- Traditional Chinese: 詠春大兄
- Simplified Chinese: 咏春大兄
- Literal meaning: Wing Chun Big Boss
- Hanyu Pinyin: yǒng chūn dà xiōng
- Directed by: Singloy Wang
- Written by: Yi Kwan; Sung Hsiang-yu [zh];
- Produced by: C.H. Wong
- Starring: Bruce Li; Caryn White; Betty Chen; Ernest 'Curt' Curtis;
- Cinematography: Chen Wing Sing
- Music by: Anders Nelsson
- Production company: First Films
- Release date: 7 October 1976;
- Running time: 90 minutes
- Country: Hong Kong
- Language: Mandarin

= The Dragon Lives =

1976 Hong Kong film by Singloy Wang

The Dragon Lives (詠春大兄 (wing6 cheun1 daai6 hing1, Yǒng Chūn Dà Xiōng)), also known as He's a Legend, He's a Hero, is a 1976 Hong Kong martial arts film starring Bruce Li and directed by Wang Hsing-lei (credited as Singloy Wang). A fictional account of Bruce Lee's life, it is one of numerous films which exploited the popularity of Lee after his death, a practice called Bruceploitation. The film was released in the United States by Film Ventures International on 19 September 1978.

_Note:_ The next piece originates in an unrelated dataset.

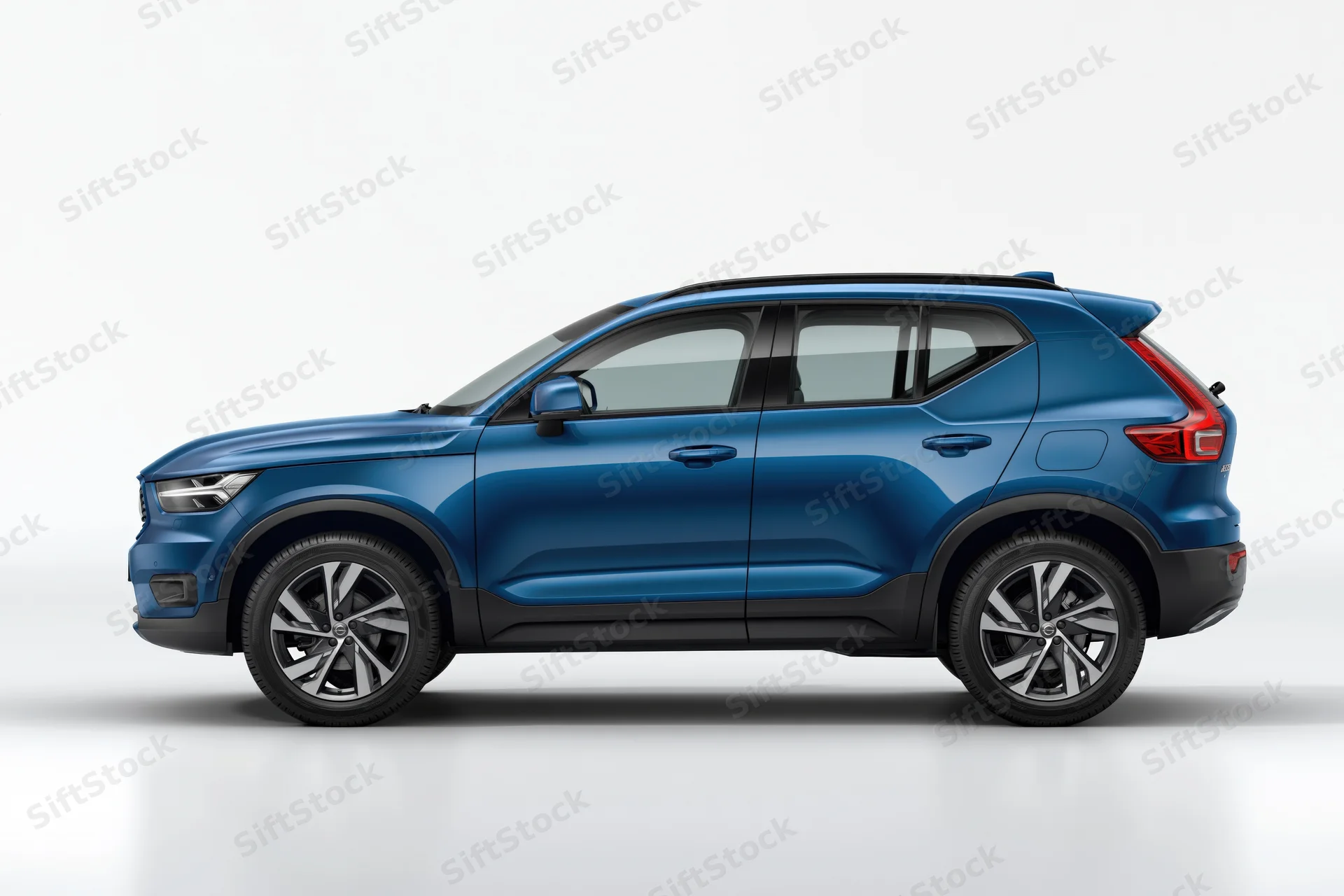 Blue compact suv in side profile view against white background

The film has often been mistaken for Bruce Lee: The Man, The Myth, another 1976 film depicting Bruce Lee's life and starring Bruce Li.

==Cast==
- Ho Chung-tao (Bruce Li) as Bruce Lee
- Caryn White as Lin, Bruce's wife
- Chen Pei-zhen (Betty Chen) as Betty Ting Pei
- Ernest 'Curt' Curtis as Sam Curtis, a boxer
- Joe Nerbonne
- Fred Cargle
- Lee Wan-chung (Li Won Chung) as Raymond Chow, a film producer
- Elton Hugee
- Jim Burnett
- Kjell Wallen
- Mark Ruth
- Jack Nickelson
- Su Hsiang as Lo Wei, a film director
- Hsieh Han as swordsman in film-shooting
- Yam Ho as Bruce's friend

==Release==
The Dragon Lives was released in Hong Kong on 7 October 1976. In the United States, the film was released by Film Ventures International on 19 September 1978.

===Critical response===
Poll, a critic for the American film magazine Variety, criticized the technical deficiencies of The Dragon Lives ("cracking noises regularly precede the blows themselves.... characters appear in consecutive frames dressed differently"), but noted that its target audience is the least critical among moviegoers. The critic would also surmise that the film could have a short run in cinemas due to being less bloody than other Bruce Lee-inspired films.

==Home media==
The Dragon Lives was released on DVD in the United States on 12 March 2002.